▶ WHAT TO WORK ON: Give again, exactly and without pictures, the lines running from the line with "Closet featuring a" to the end of the records below.

[SUPPLIED MATERIAL Boundary: Start]

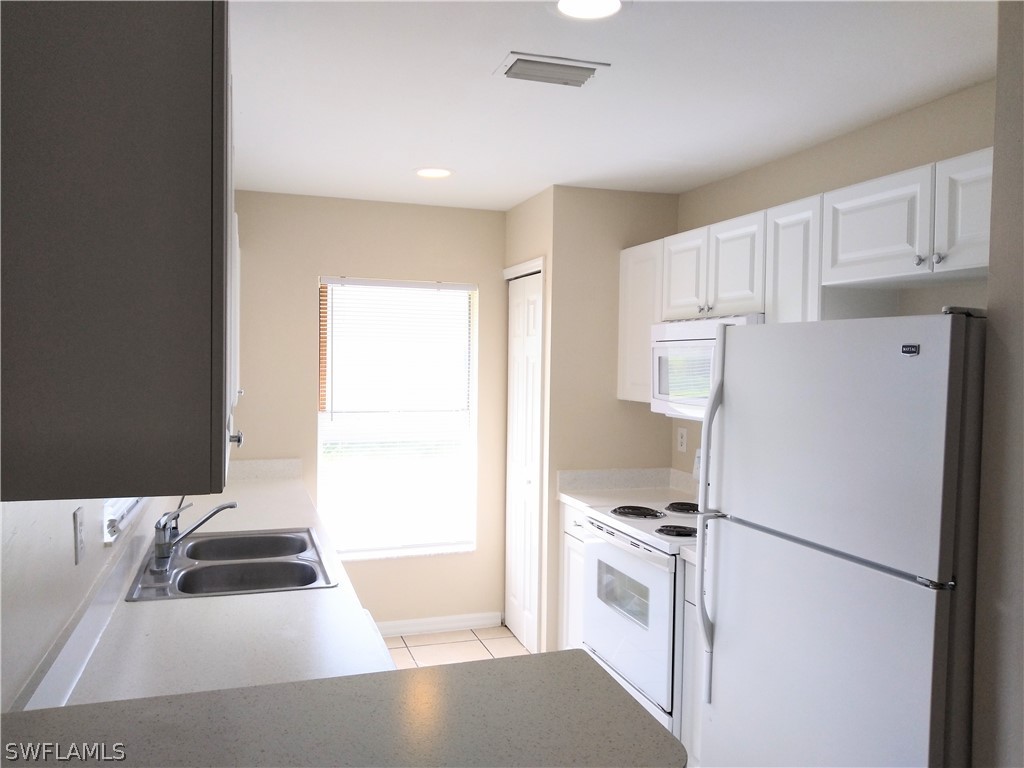 2213 Wilson Road Lehigh Acres, FL 33973 - Photo 2 of 14 a kitchen with stainless steel appliances a refrigerator sink and cabinets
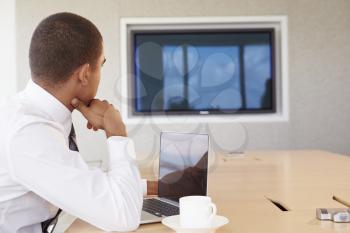 Businessman Having Video Conference In Boardroom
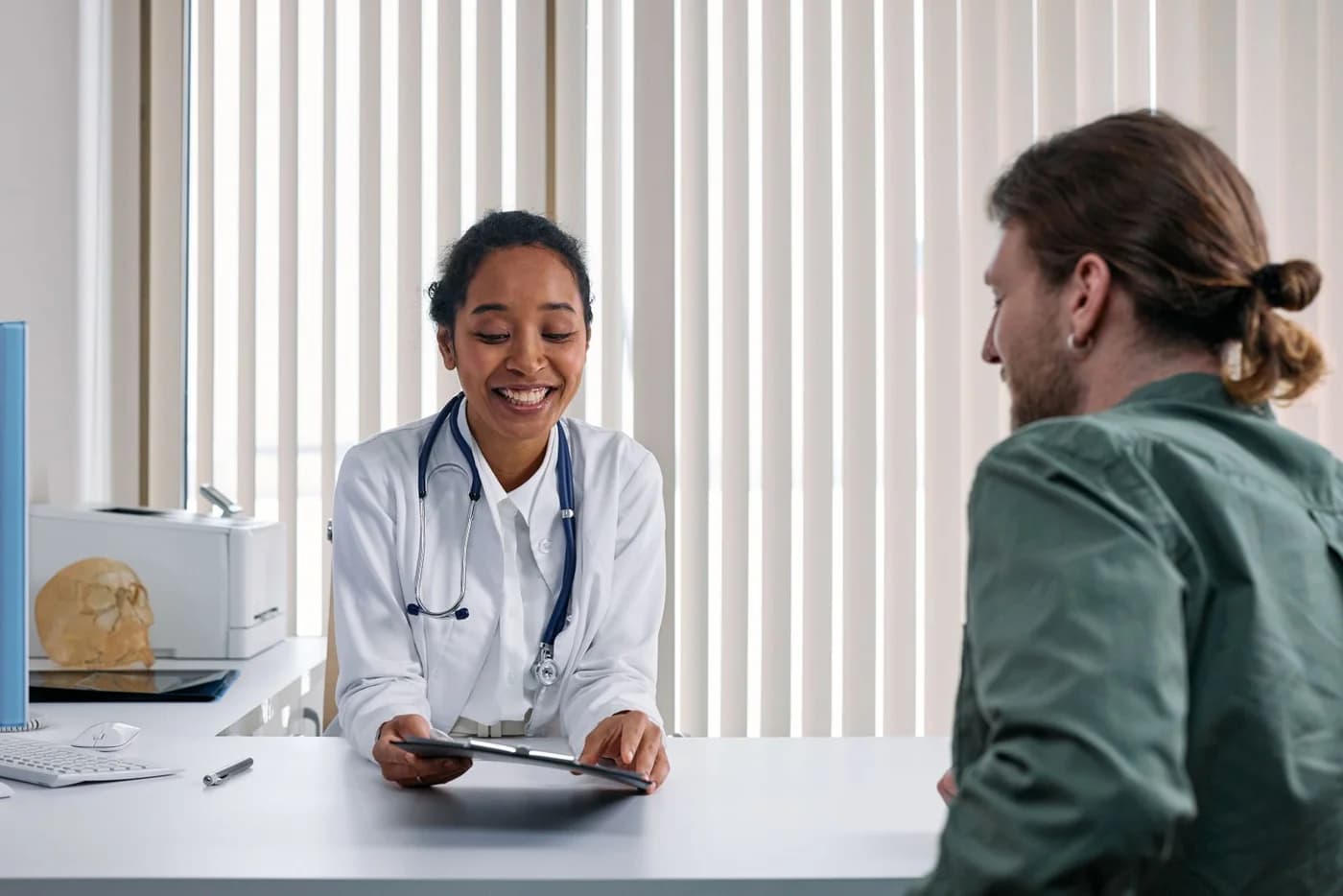 A doctor and patient discussing care together in a clinic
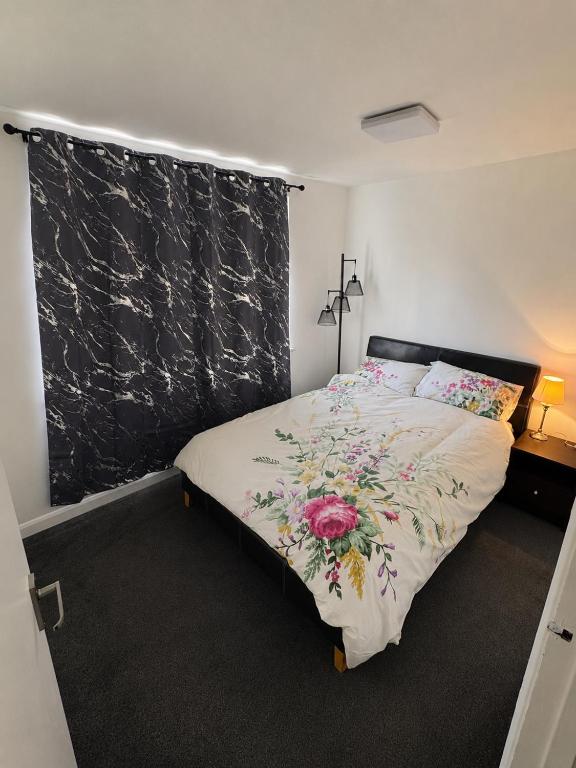 a bedroom with a bed with a floral blanket on it at Beautiful Double room in Peterborough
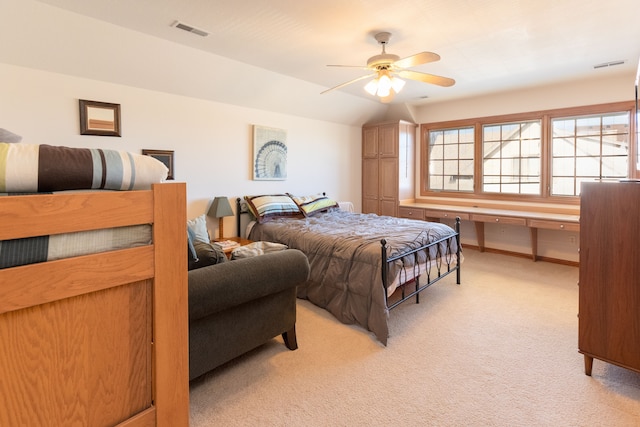 bedroom featuring visible vents, light colored carpet, a ceiling fan, and vaulted ceiling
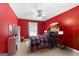 Bright red bedroom featuring a skateboard decoration, ceiling fan and neutral carpet at 440 Homeplace Dr, Stockbridge, GA 30281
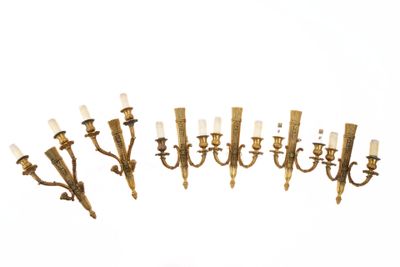 une photo d'un ensemble de six appliques murales en laiton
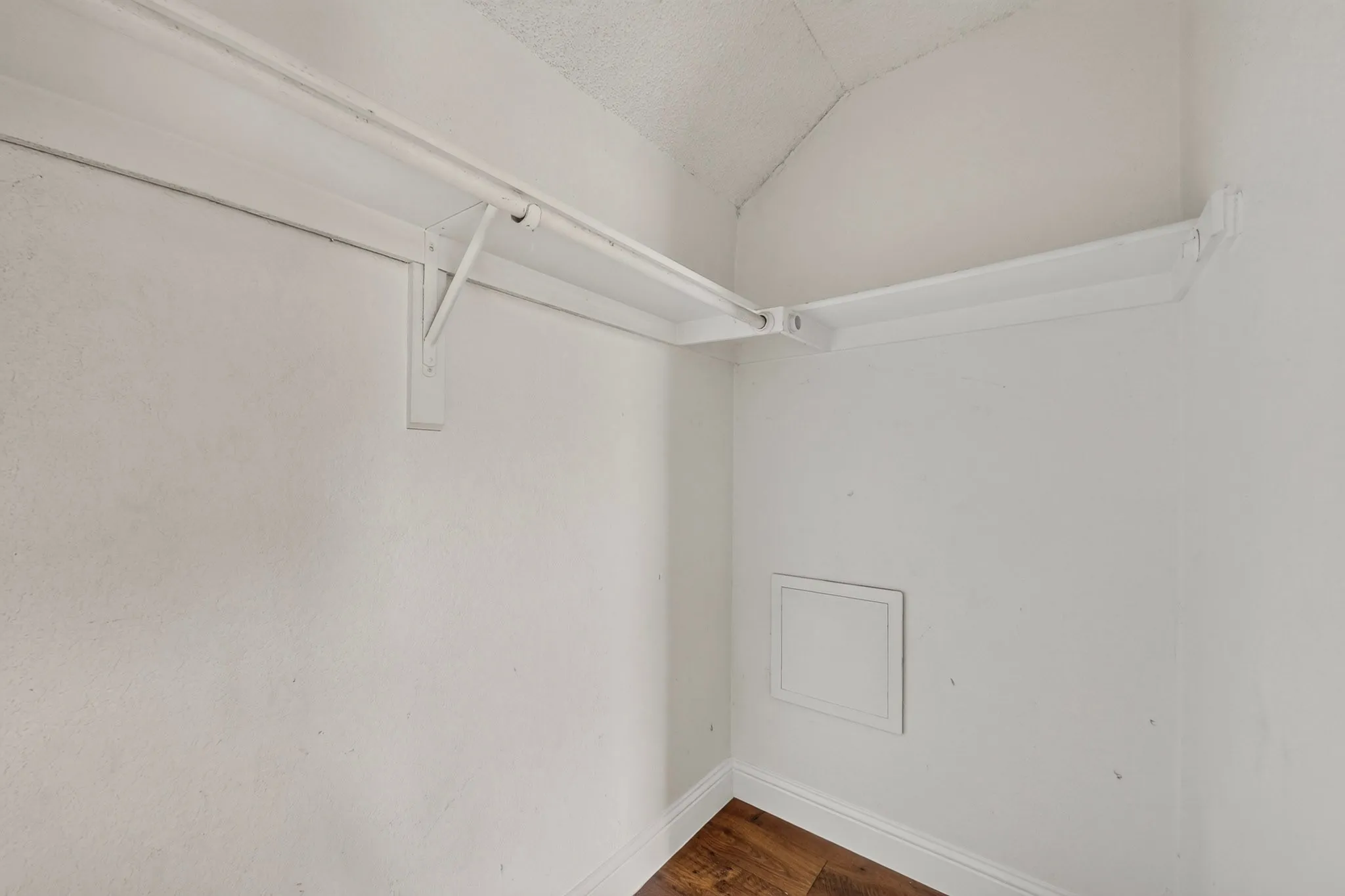 Closet featuring a built-in shelf, hanging rod, and wood-finish flooring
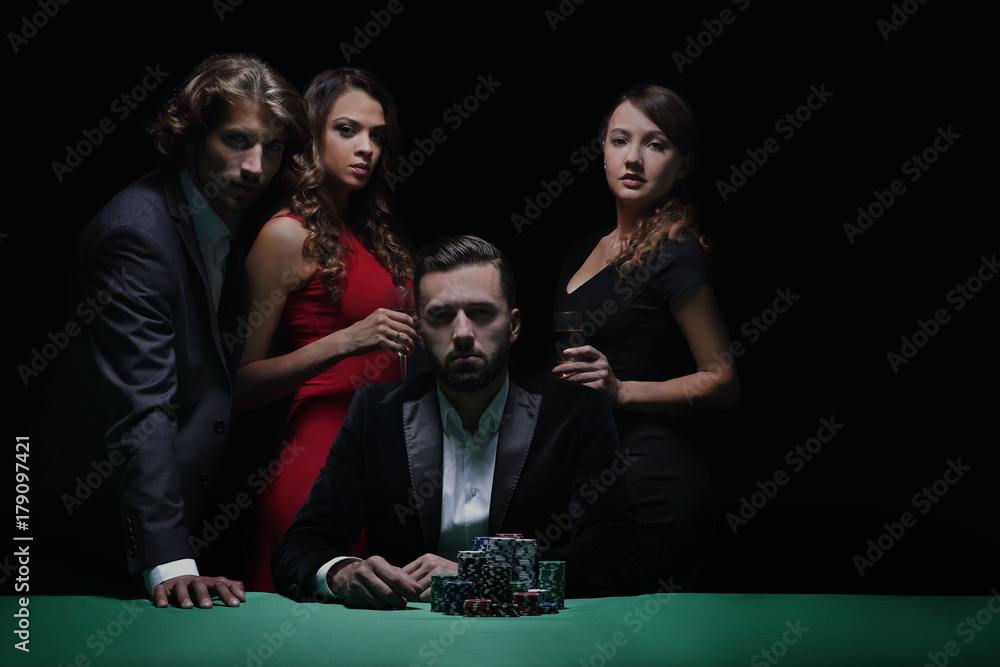 Attractive young caucasian man make bet in the casino Attractive young caucasian man make bet in the casino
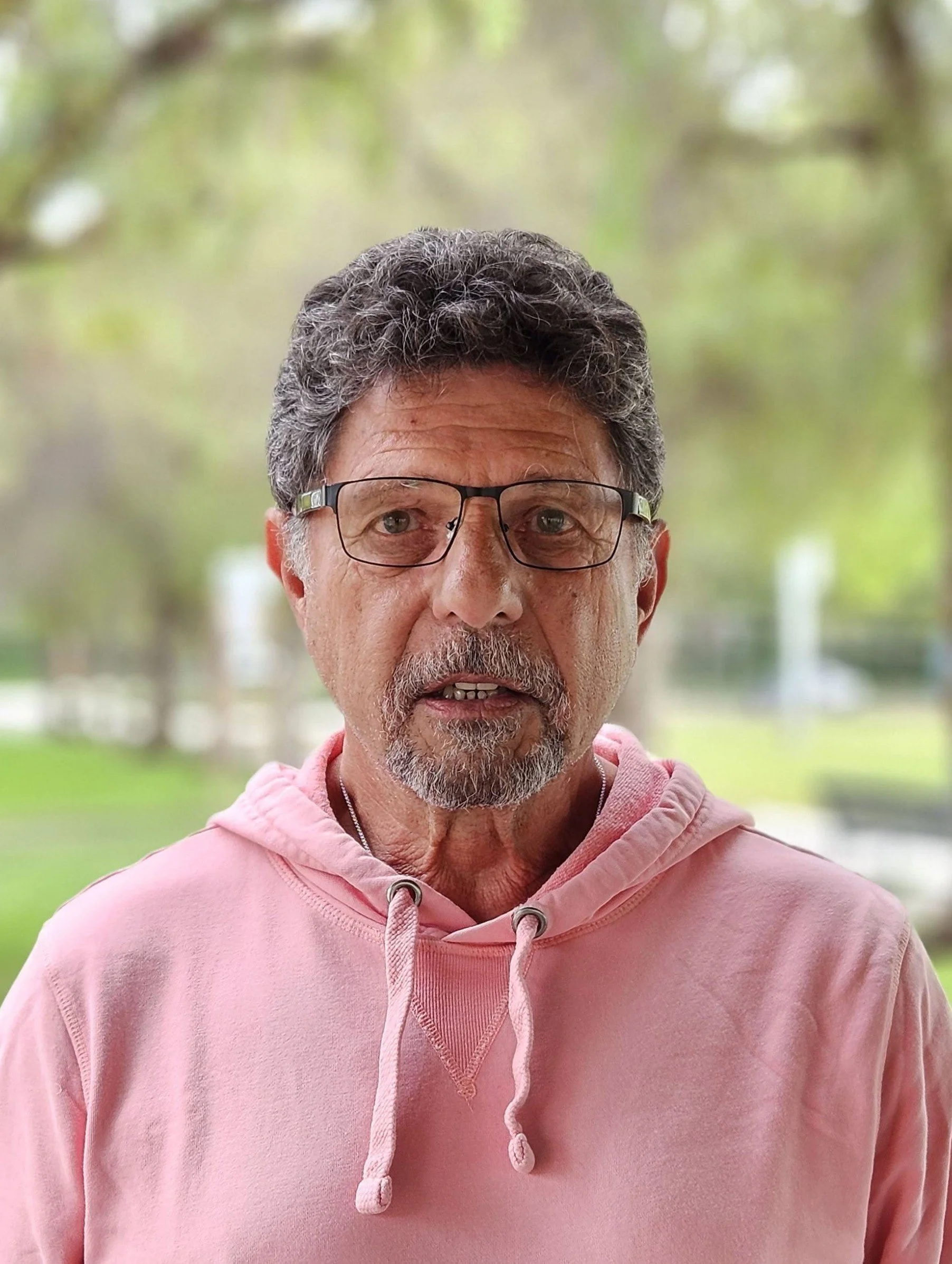 Close-up of a middle-aged man with glasses, gray curly hair, and a mustache, wearing a pink hoodie outdoors with a blurred green background.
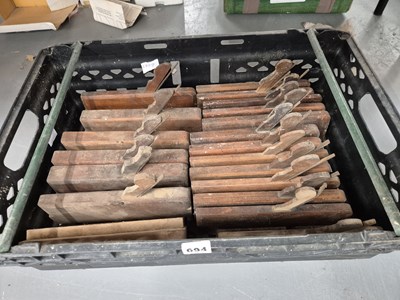 Lot 694 - A set of antique wood moulding planes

[SUPPLIED MATERIAL Boundary: End]

▶ EXERCISE RESULT:
 Closet featuring a built-in shelf, hanging rod, and wood-finish flooring
 Attractive young caucasian man make bet in the casino Attractive young caucasian man make bet in the casino
 Close-up of a middle-aged man with glasses, gray curly hair, and a mustache, wearing a pink hoodie outdoors with a blurred green background.
 Lot 694 - A set of antique wood moulding planes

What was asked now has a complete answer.